_Exercise:_ Only the lines below, from the one with "D68 Cyber Model" through the one with "ILM Motorcycle Dual", are to be written out, exactly.

┌────────

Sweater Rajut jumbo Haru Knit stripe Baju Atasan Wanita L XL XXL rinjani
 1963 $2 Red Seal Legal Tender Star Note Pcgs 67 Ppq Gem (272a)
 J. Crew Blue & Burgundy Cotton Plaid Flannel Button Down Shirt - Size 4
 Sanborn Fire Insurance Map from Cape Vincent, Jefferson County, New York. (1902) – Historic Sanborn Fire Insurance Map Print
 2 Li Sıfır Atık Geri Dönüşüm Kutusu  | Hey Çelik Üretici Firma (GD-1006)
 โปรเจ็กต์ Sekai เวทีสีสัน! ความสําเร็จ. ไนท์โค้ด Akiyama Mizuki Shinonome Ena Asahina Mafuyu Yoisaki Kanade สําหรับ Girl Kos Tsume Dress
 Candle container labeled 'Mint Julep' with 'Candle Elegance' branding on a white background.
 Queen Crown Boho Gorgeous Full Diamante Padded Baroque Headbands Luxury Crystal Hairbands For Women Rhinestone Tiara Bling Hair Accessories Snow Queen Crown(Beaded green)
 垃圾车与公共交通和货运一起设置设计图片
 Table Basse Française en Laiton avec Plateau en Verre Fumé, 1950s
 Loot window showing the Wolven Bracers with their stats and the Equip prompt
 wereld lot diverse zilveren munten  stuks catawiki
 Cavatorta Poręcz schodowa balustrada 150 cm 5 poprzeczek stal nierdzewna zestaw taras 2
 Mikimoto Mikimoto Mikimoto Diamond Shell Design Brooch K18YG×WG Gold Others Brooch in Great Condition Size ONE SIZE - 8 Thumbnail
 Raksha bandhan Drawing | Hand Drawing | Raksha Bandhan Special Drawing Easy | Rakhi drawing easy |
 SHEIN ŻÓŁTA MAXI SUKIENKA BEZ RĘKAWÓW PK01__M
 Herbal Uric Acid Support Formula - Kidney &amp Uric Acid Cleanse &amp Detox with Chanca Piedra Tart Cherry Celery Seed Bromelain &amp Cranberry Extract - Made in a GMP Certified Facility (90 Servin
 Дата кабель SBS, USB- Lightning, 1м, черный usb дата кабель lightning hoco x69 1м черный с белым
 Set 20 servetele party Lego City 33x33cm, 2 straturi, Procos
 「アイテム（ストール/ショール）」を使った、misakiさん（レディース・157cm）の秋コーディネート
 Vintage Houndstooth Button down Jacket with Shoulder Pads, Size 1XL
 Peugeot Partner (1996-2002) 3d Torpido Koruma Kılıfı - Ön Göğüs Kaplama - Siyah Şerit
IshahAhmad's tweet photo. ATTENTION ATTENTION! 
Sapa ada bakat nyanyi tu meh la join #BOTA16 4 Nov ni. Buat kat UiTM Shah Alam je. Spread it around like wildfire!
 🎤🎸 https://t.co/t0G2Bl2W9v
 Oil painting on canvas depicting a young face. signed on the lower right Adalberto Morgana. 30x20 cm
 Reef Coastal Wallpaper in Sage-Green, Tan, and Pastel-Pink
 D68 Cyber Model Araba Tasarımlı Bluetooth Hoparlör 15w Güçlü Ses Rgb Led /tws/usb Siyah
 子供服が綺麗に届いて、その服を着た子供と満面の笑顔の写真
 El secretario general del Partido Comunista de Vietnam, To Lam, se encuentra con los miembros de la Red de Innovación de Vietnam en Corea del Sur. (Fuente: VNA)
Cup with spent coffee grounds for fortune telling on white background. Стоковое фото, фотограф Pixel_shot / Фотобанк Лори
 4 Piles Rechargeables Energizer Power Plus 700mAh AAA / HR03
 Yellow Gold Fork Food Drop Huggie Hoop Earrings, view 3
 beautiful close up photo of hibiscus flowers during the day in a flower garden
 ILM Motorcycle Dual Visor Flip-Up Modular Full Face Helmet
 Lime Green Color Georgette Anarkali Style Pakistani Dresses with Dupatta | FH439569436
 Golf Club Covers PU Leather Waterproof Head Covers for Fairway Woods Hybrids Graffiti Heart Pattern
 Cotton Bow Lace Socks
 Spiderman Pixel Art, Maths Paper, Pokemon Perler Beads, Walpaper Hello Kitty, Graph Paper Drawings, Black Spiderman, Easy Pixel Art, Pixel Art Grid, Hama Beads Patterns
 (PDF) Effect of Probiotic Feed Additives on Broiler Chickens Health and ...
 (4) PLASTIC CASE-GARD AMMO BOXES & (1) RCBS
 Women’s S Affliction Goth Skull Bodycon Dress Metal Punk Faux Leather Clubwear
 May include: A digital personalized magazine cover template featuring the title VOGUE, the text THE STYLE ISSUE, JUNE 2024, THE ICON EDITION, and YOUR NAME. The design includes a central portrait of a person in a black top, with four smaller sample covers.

└────────

_Exercise response:_
 D68 Cyber Model Araba Tasarımlı Bluetooth Hoparlör 15w Güçlü Ses Rgb Led /tws/usb Siyah
 子供服が綺麗に届いて、その服を着た子供と満面の笑顔の写真
 El secretario general del Partido Comunista de Vietnam, To Lam, se encuentra con los miembros de la Red de Innovación de Vietnam en Corea del Sur. (Fuente: VNA)
Cup with spent coffee grounds for fortune telling on white background. Стоковое фото, фотограф Pixel_shot / Фотобанк Лори
 4 Piles Rechargeables Energizer Power Plus 700mAh AAA / HR03
 Yellow Gold Fork Food Drop Huggie Hoop Earrings, view 3
 beautiful close up photo of hibiscus flowers during the day in a flower garden
 ILM Motorcycle Dual Visor Flip-Up Modular Full Face Helmet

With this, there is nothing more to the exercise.